Page 22 of To India with Mr. Darcy
A fter a few more days of travel, the carriage rattled up the long, familiar drive towards Longbourn, its wheels crunching on the gravel path that curved around the budding hedgerows. It was all so familiar, the trees arching overhead, and the lawn was bright with the first blush of spring. Elizabeth leaned forward, her gloved fingers pressed against the glass in the same way that she had when they reached the ship. There it was. Home .
The carriage barely rolled to a halt before the front door burst open and the sound of shrieking reached them like a wave.
“There they are!” came Mrs Bennet’s unmistakable voice, high-pitched and trembling with joy. “My girls! My precious girls! Oh, thank goodness you’re safe!”

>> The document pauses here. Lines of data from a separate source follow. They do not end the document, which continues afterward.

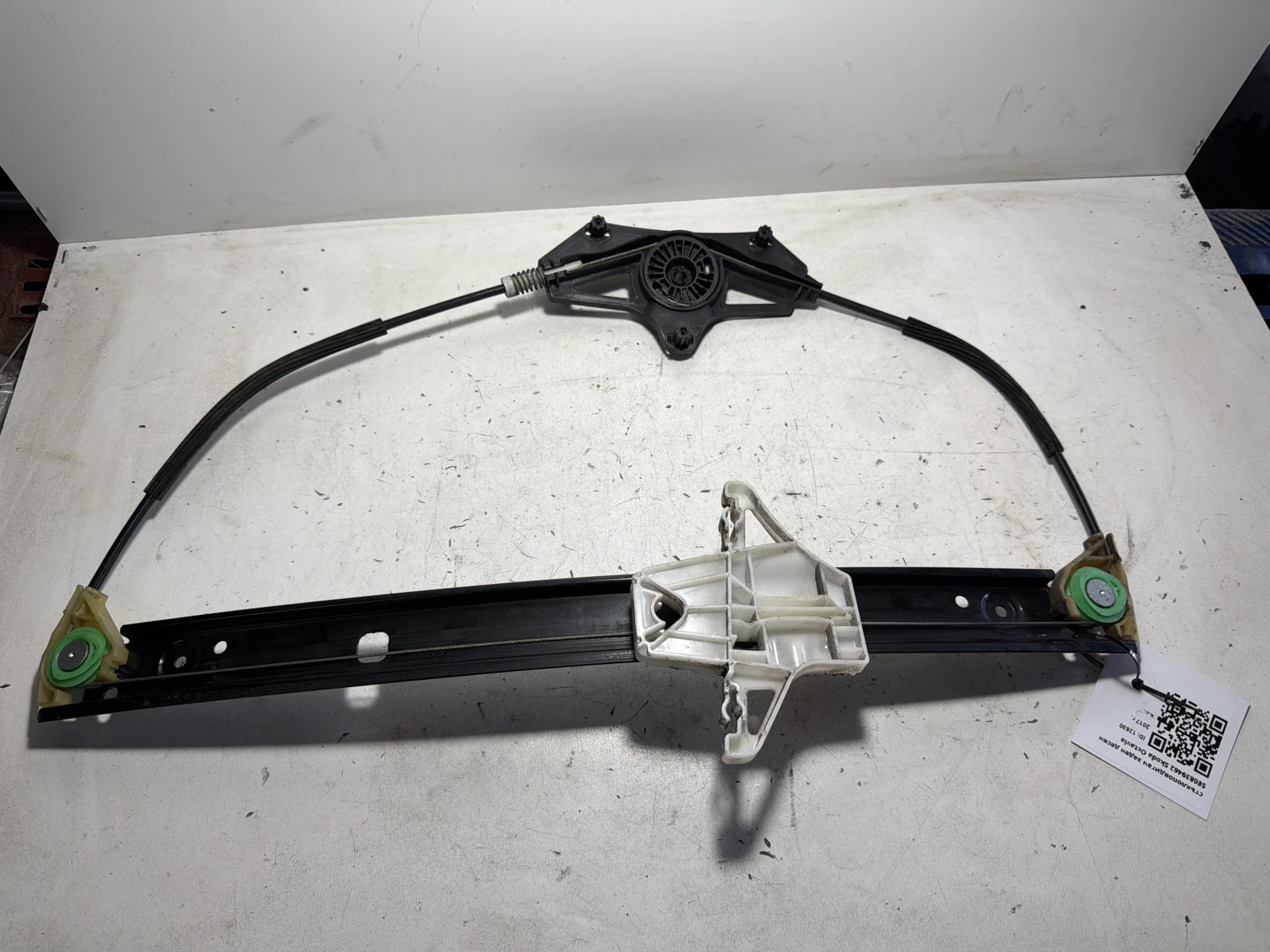 стъклоповдигач заден десен 5E0839462 Skoda Octavia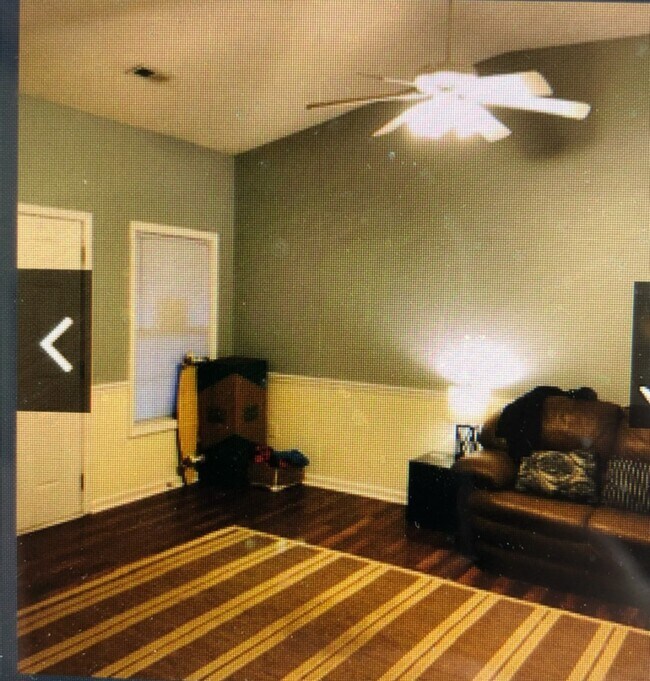 Living room. - 1821 Barberry Dr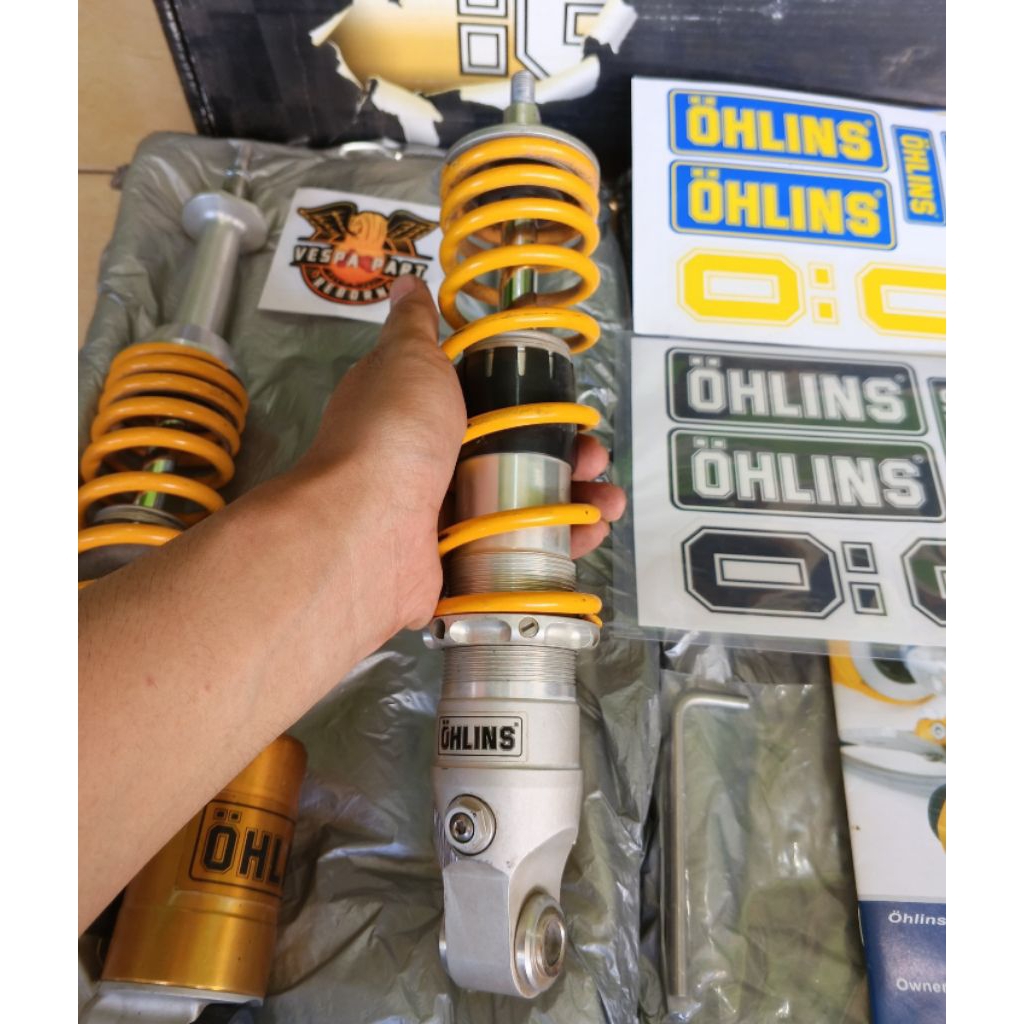 shock Ohlins P701 depan
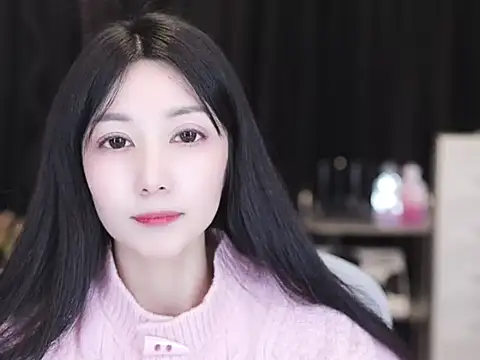 Nuyoah-77 online show from 12-17-25, 02:22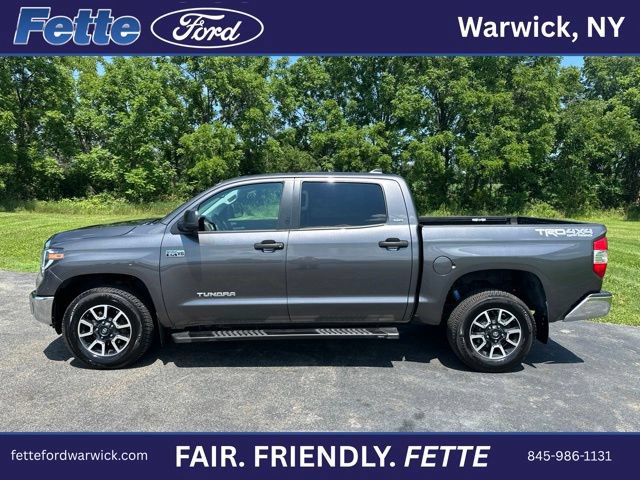 Used 2021 Toyota Tundra SR5 w/ TRD Off-Road Package AWD/4WD image 16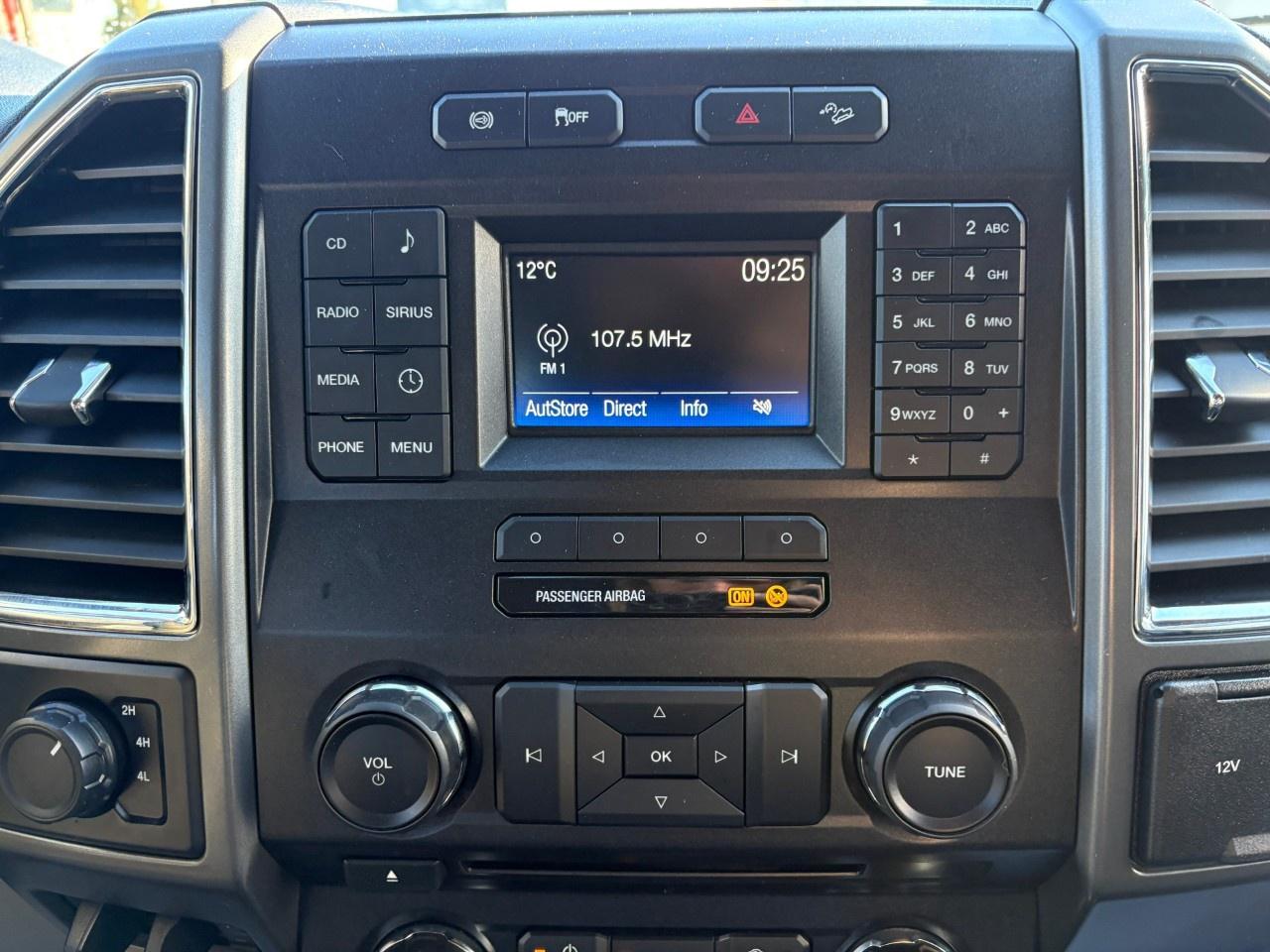 2017 Ford F-350 Super Duty SRW XLT 4WD CREW CAB 6.75' BOX Photo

She surged down the steps, shawl flying, apron strings flapping behind her like streamers. Kitty and Lydia followed in a blur of movement and flounces, nearly tumbling over one another in their haste to reach the carriage. Behind them, Mary lingered at the threshold, lips pursed but eyes eager, while Mr Bennet stood just inside the doorway, leaning casually against the frame, arms folded, gentle smile on his face.
“Lizzie!” Kitty cried, wrenching the carriage door open. “Jane! Tell us everything this moment! Did you see elephants? Did you meet any Rajahs? Did anyone fall overboard?”
“Was the ship very dangerous?” Lydia squealed, grabbing Jane’s hand and nearly pulling her down the steps in her excitement. “Did you wear those hideous long dresses the whole time? I heard you have to when you’re abroad or you’ll catch a fever and die.”
“Gracious, Lydia,” Jane said with a laugh as she stepped down, already being hugged tightly by both younger sisters at once. “Can we at least be allowed inside before you demand a full account?”
“Oh, but we’ve been simply dying for news!” Kitty said, bouncing on her toes. “You’ve missed so much. There was a ball in the church hall, and the vicar’s wife got locked in the privy, and someone from Meryton has gone mad, though we’re not entirely sure who.”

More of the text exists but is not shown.